-- What you should do --
Every line of the listing below should come back exactly as written, with no images.

-- The data --
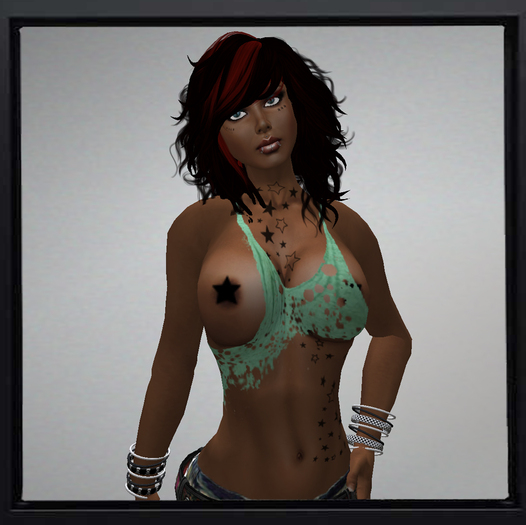 Mactavish's Ripped Knit Top Green with Star Pasties
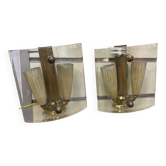 Brass Glass Sconces in a Fontana Arte  style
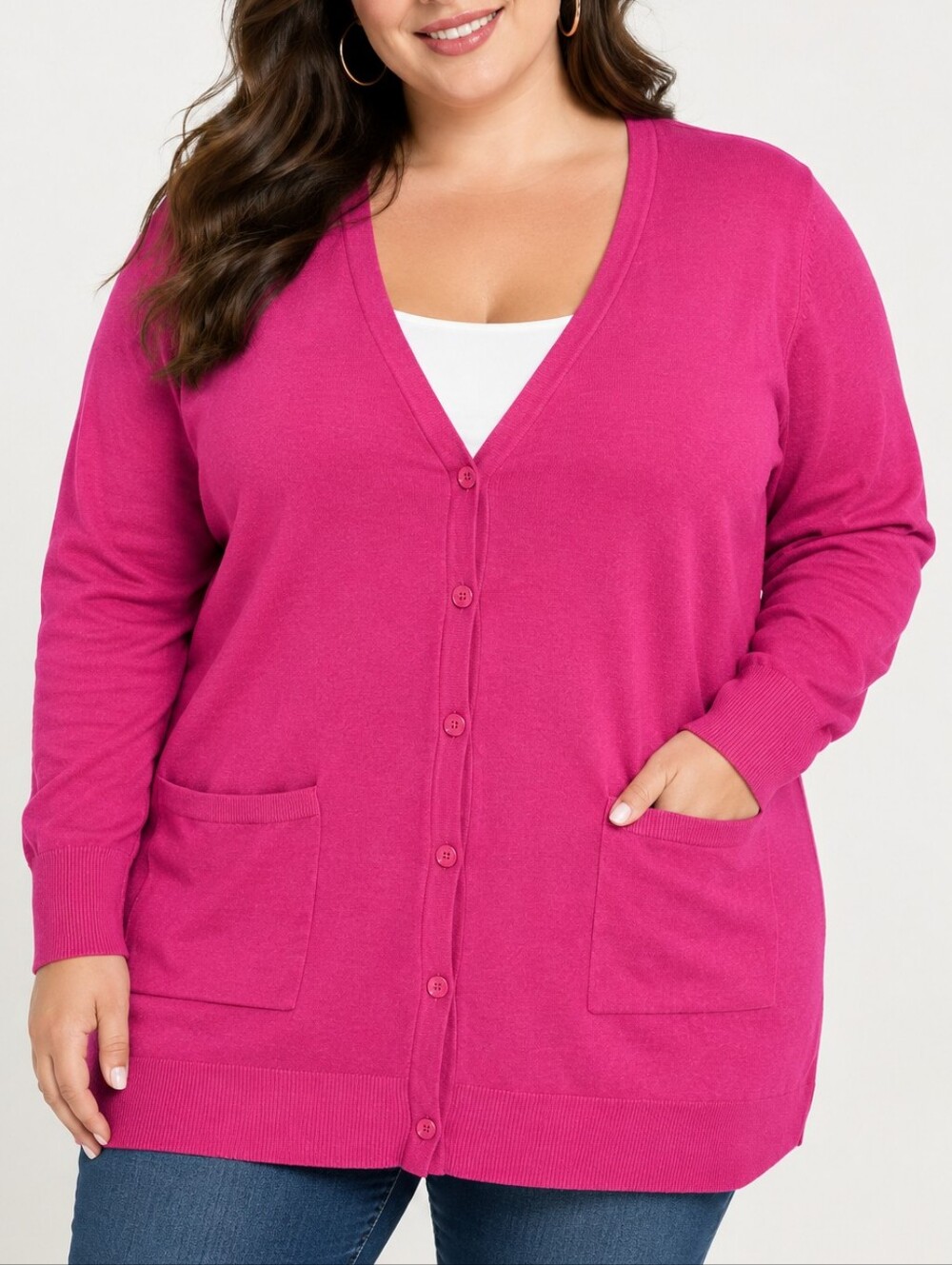 Torrid Hot Pink Knit Cardigan Sweater Size 3X 22-24 Womens Button Front Pockets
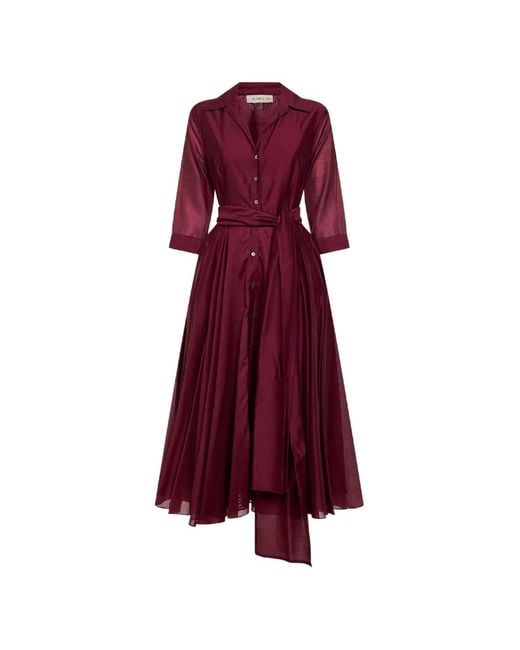 open lace back dress Amina Red Linen Shirt Dress
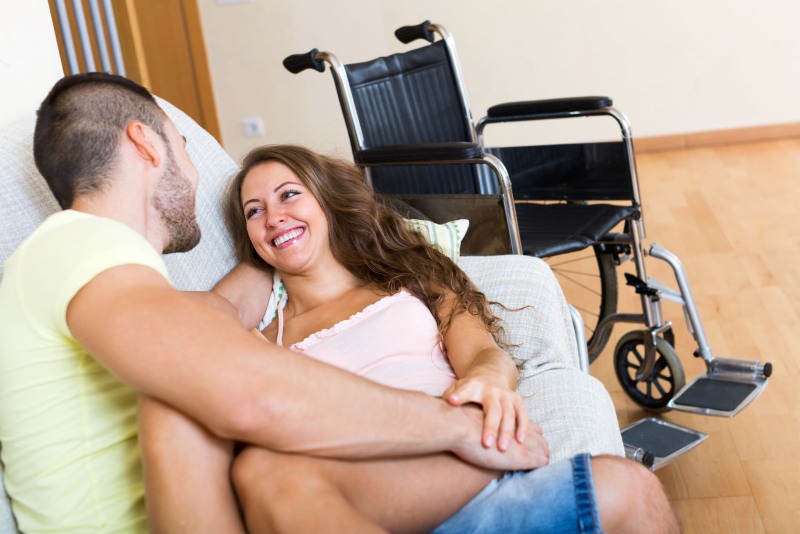 Girl fucks with a disabled person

-- Answer to this exercise --
 Mactavish's Ripped Knit Top Green with Star Pasties
 Brass Glass Sconces in a Fontana Arte  style
 Torrid Hot Pink Knit Cardigan Sweater Size 3X 22-24 Womens Button Front Pockets
 open lace back dress Amina Red Linen Shirt Dress
 Girl fucks with a disabled person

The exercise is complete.